Optical communications
Another notable market for thermoelectric cooler (TEC) temperature controllers is fiber-optic lasers. 

Consumers’ insatiable appetite for increased bandwidth has resulted in deployment of fiber optic-based networks. Fiber-optic lines, driven by solid state lasers, are capable of very high information density. Highly packed data schemes such as DWDM (dense wavelength division multiplexing) use multiple lasers through fiber to obtain large multi-channel data streams.

Narrow-channel spacing relies on laser wavelength that’s tightly controlled. Lasers can do this, but problems come with temperature variations. That’s where TEC temperature controllers come in. 

A temperature controller must meet some unusual requirements. Most notably, because of ambient temperature variation and laser operation uncertainties, it must be able to either source or remove heat. 

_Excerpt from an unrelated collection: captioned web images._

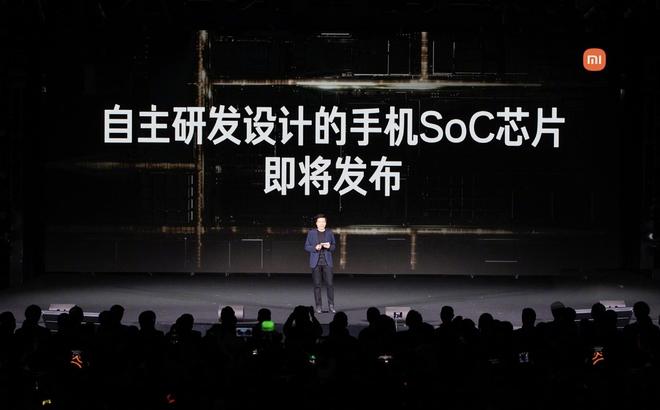 雷军亲自确认！小米自研SOC芯片要来了(图3)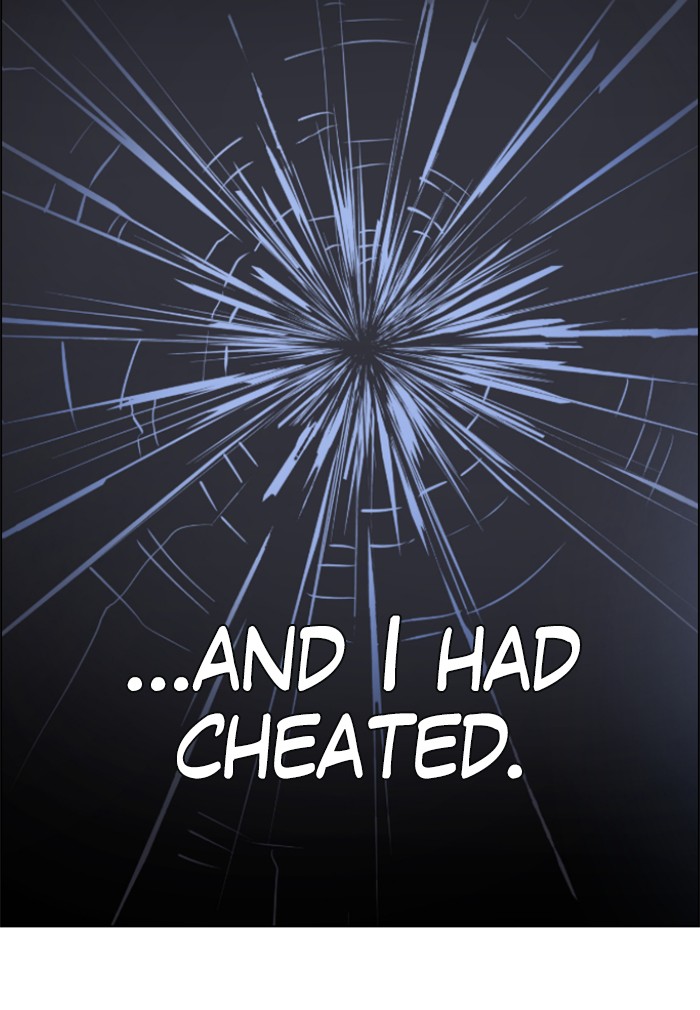 No Scope chapter 49 - page 58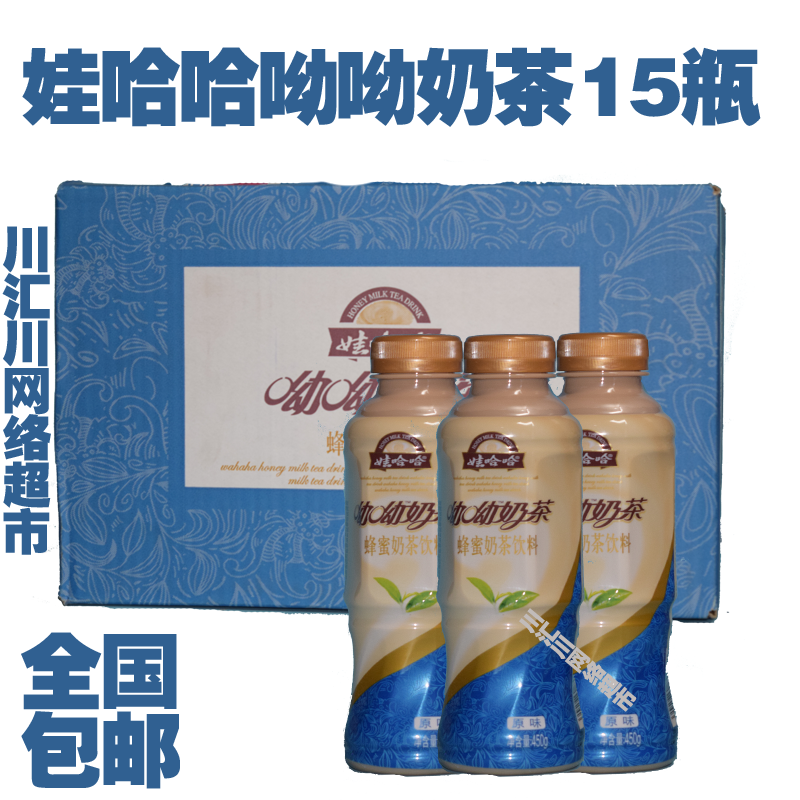 【2017年6月5日生产】娃哈哈呦呦奶茶(原味)450ml*15瓶/箱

Erbium-doped fiber amplifiers are essential to long-range optical-fiber communications, as they can efficiently amplify light. To amplify a laser and prolong its life, a TEC is necessary, according to Takechi.

As the mobile industry shifts from 3G to 4G and 5G, cellular network infrastructure must be able to handle ever-increasing data traffic. To maintain this data traffic over the air, mobile network operators control temperature in their base stations, using TECs. 

Similarly, as data centers use optical receivers to transmit massive data, “you also need TECs,” said Takechi. Kelk estimates the data center market alone that will deploy TECs will increase tenfold from 2015 to 2020.